═══ Listed entries

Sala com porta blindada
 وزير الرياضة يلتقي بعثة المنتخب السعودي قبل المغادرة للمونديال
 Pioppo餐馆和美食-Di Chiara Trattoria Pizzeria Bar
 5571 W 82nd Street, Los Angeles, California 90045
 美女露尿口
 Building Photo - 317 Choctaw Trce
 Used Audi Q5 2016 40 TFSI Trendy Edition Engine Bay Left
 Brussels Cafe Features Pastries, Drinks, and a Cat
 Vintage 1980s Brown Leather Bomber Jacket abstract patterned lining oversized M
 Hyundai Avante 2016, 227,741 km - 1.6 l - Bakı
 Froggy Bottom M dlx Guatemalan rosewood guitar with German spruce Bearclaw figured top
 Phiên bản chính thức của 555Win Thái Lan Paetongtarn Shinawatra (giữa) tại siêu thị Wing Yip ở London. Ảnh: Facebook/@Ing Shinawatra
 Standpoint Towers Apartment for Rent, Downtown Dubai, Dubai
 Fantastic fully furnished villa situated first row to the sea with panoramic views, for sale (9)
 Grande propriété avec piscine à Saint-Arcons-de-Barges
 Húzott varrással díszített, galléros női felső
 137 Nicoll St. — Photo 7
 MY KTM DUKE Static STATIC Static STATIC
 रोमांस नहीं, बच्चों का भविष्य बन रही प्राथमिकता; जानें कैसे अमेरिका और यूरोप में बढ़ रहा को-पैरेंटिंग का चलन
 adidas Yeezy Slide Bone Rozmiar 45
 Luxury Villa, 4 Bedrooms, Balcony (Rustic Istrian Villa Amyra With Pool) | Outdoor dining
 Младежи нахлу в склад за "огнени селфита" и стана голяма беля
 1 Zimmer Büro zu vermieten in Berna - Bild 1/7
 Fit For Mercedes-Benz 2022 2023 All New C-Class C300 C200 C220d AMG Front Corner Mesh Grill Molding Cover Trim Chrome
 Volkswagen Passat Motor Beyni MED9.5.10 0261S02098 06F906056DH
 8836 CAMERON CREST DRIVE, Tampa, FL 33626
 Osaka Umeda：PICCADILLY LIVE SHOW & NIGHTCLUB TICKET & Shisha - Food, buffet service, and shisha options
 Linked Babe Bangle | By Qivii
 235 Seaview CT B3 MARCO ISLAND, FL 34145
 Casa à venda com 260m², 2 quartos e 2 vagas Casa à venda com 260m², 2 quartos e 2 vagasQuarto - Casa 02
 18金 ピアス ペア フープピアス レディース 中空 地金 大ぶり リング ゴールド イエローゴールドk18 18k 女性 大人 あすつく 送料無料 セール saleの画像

══════

Your answer must be the lines from the first line of the entries above through the line that contains "Vintage 1980s Brown", written out exactly.

• _Answer to this task_
Sala com porta blindada
 وزير الرياضة يلتقي بعثة المنتخب السعودي قبل المغادرة للمونديال
 Pioppo餐馆和美食-Di Chiara Trattoria Pizzeria Bar
 5571 W 82nd Street, Los Angeles, California 90045
 美女露尿口
 Building Photo - 317 Choctaw Trce
 Used Audi Q5 2016 40 TFSI Trendy Edition Engine Bay Left
 Brussels Cafe Features Pastries, Drinks, and a Cat
 Vintage 1980s Brown Leather Bomber Jacket abstract patterned lining oversized M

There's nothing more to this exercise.